United States v. Regalado, No. 05-5379-cr (2d Cir. March 4, 2008) (Jacobs, Pooler, Sack, CJJ) (per curiam)
At last, the circuit has told us what to do in light of Kimbrough. And the answer is, in essence, a Crosby remand.
Regalado received a 262-month crack sentence, the bottom of the Guideline range (he was not a career offender). The sentencing judge said nothing about the 100-to-1 crack/cocaine disparity and the defendant never raised it. Due to this silence, the appellate court concluded that it could not “tell whether the district court would have exercised its now clear discretion to mitigate the sentencing range produced by the 100-to-1 ratio.” To solve the problem, the court decided to import the “Crosby mechanism” to crack cases.

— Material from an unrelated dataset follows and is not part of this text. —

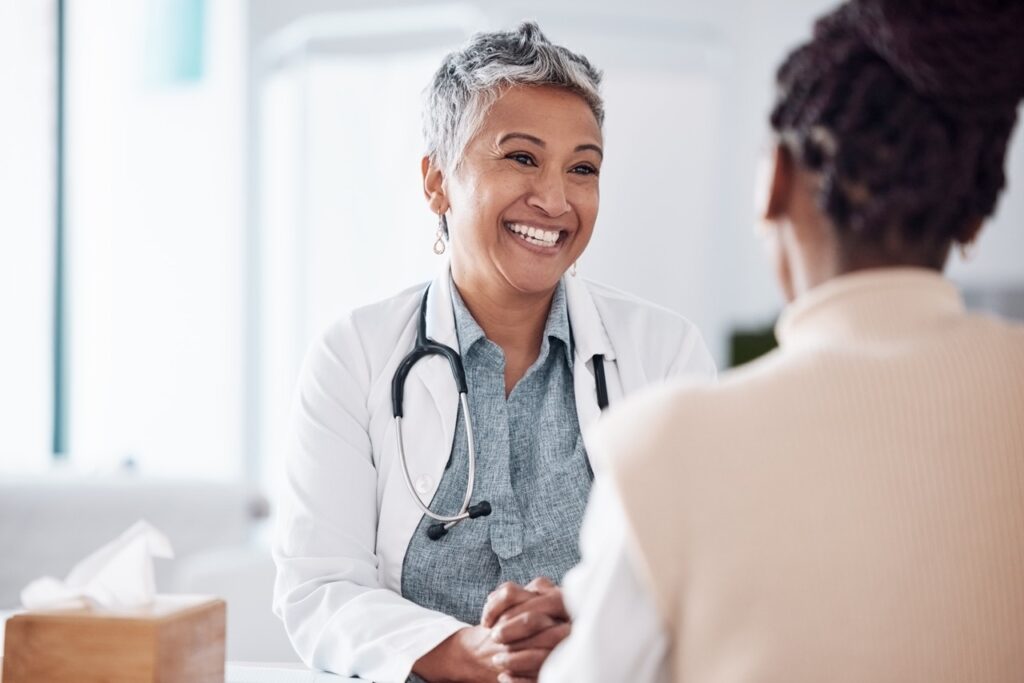 Doctor explaining allergy test results to patient in clinic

Specifically, where a “defendant has not preserved the argument that the sentencing range for the crack cocaine offense fails to serve the [statutory] sentencing objectives . . . , we will remand to give the district court an opportunity to indicate whether it would have imposed a non-Guidelines sentence knowing that it had the discretion” to do so. “If so, the court should vacate the original sentence and resentence the defendant. If not, the court should state on the record that it is declining to [and] provide an appropriate explanation.” If the defendant again appeals, that sentence will be reviewed for reasonableness.
Comment
This is a wonderful opinion, filled with great language about a sentencing court’s discretion. It also has some really helpful language about plain error in sentencing cases, that, hopefully, the court will remember in other contexts.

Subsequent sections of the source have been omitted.